Weren't you one of those eyebrow-arching skeptics who laughed years ago when somebody first mentioned pay TV?
Didn't you say things like, "Never happen! Not in a million years!"
Well, get ready for another good laugh, because this time the dumb idea that won't happen in a million years is just as funny: pay radio.
But laugh fast. It's already here, and may some even say it will change our radio listening habits forever.
Hogwash? Not to Robert Dalton, a retired Bethlehem Steel worker who right now is listening to an all-reggae channel. Doesn't have the faintest idea what it is, but he likes it. "It's beautiful music," he says.
He can listen to it 24 hours a day if he wants. But he doesn't. He flips to channel 7 and, whoa! It's Jim Morrison singing.
"I don't like that real hot rock," winces Mr. Dalton, quickly flipping a button on his remote control to another channel on his Digital Music Express (DMX) system. It comes into his house through his United Artists Cable television wires, beamed to Baltimore by satellite from a Los Angeles studio. The DMX signal splits off from Mr. Dalton's TV hookup, connecting easily to his stereo. It costs him about $10 a month.
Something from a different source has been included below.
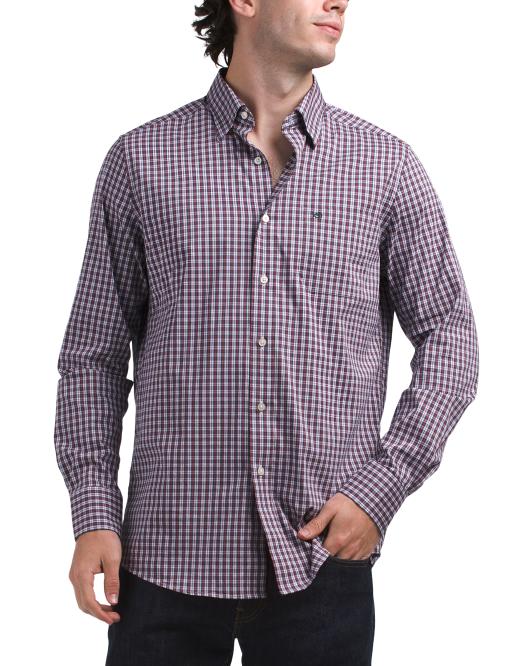 SOUTHERN TIDE Charleston Macduff Tartan Sportshirt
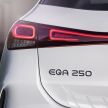 Mercedes-Benz EQA revealed – electric GLA with 190 PS, 375 Nm, 0-100 km/h in 8.9 secs, 426 km range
"You got symphony, you got jazz, you got Western-style," says Mr. Dalton. "You got just anything you want. No advertising, no DJ. Sometimes I take a notion to dancing rhythms. It just all depends on your moods."
And if they're not quite ready to dance a celebratory jig these days in the pay-radio world, they're certainly doing a lot of optimistic humming. "This is the wave of the future," beams Eleanor Hall, the DMX project coordinator with United Artist Cable of Baltimore.
In its current form, pay radio is a package of digitally recorded, CD-quality music channels sold to cable TV networks nationwide by one of two programming services -- each backed by big-time money of multimedia giants.
DMX is owned by International Cablecasting Technologies of Los Angeles and backed by Tele-Communications Inc., the nation's largest cable operator. It owns, among others, United Artist Cable, which holds the franchise for cable TV in Baltimore.
Then there's Digital Cable Radio, or DCR, of Hatboro, Pa., one of whose key backers is Comcast Cable Communications, servicing Harford, Howard and Baltimore counties.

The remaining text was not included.